Et voilà..la protesta è servita. Come ogni giorno hanno indossato la divisa e il cappello bianco ma invece dei fornelli ieri pomeriggio una trentina di chef lombardi hanno manifestato in un presidio davanti al Palazzo della Regione a Milano. La mobilitazione “Buttiamo i menù” organizzata dall’Unione Cuochi Regione Lombardia arriva in una settimana “calda” nel cronoprogramma del governo per la riapertura delle attività escluse dall’allentamento di fine aprile. Nelle zone gialle bar e ristoranti hanno riaperto al pubblico ma solo negli spazi esterni e con il limite del coprifuoco alle 22: “troppo poco” dicono i cuochi stellati che al presidente lombardo Attilio Fontana hanno presentato un protocollo per la ripartenza in sicurezza.
A guidare la delegazione a Palazzo Lombardia lo chef Alberto Luca Somaschini che a Saronno è il coordinatore didattico dell’Istituto Alberghiero del Collegio Arcivescovile Castelli: «Dall’Asia al resto d’Europa i ristoratori impegnati nella gestione dell’attività in sicurezza sono più avanti di noi. – lamenta – Nei locali non ci sono limiti tra l’interno e l’esterno così come nei ricevimenti per i matrimoni perché se si sta seduti e distanziati l’evento non è di per sé rischioso per i contagi. Alla Regione abbiamo chiesto di applicare il protocollo per la ristorazione professionale protetta e un elenco di dieci buone pratiche per garantire agli ospiti la massima sicurezza».
Cuochi Lombardi: “Il 30% ha abbandonato la professione”

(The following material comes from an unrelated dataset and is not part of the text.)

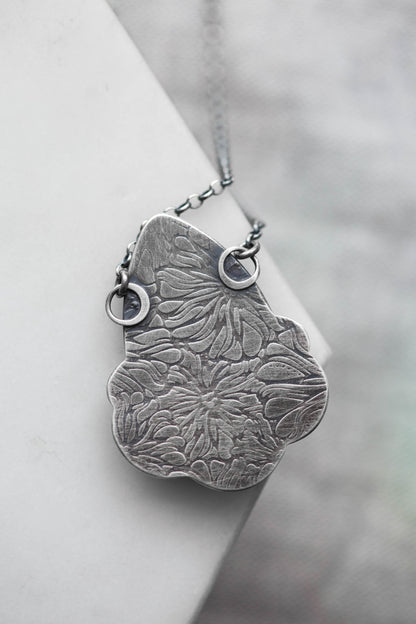 Small  |  Summer Gathering Necklace  |  #11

Sulle prospettive future per la ripresa della ristorazione gourmet nei territori di provincia lontani dai maggiori centri turistici Somaschini aggiunge: «La necessità è di valorizzare l’elemento dell’esperienza che il cliente vive. Nel locale c’è la convivialità, il servizio ma c’è anche il prodotto tipico come il vino particolare o il cibo meno conosciuto. In un territorio come Saronno esperienze gastronomiche di qualità sono possibili ovunque anche nei centri per la grande distribuzione, l’importante è garantire la qualità dei cuochi professionisti». Per il momento l’aria che si respira nelle cucine è tutt’altro che invitante: gli chef lombardi denunciano la crisi nei territori costretti a chiudersi ai turisti.

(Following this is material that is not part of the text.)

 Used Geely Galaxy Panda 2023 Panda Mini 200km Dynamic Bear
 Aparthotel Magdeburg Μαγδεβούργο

Dei 10mila cuochi operativi in Lombardia il 30% ha già dovuto abbandonare la professione ma a tremare è tutta la filiera. «Il settore dell’accoglienza, che sia ristorazione, catering o hotellerie non è fine a se stesso. – denuncia Riccardo Carnevali, chef di Dietroalcibo lab a Pavia – La filiera interessa un grande indotto, dai fornitori di materie prime agli artigiani, dai produttori di attrezzature alle lavanderie. Ricominciare a lavorare non è quindi di solo aiuto al nostro settore ma a buona parte dell’economia ferma ormai da troppo». Gli chef lombardi aspettano le prossime mosse del governo ma le “toque bianche” sono in agitazione in tutta Italia: c’è chi come Gianfranco Vissani il mese scorso ha aderito al “pranzo di protesta” allestito dai ristoratori umbri sotto l’abitazione del presidente del Consiglio Draghi a Città della Pieve, una protesta per tutti i palati.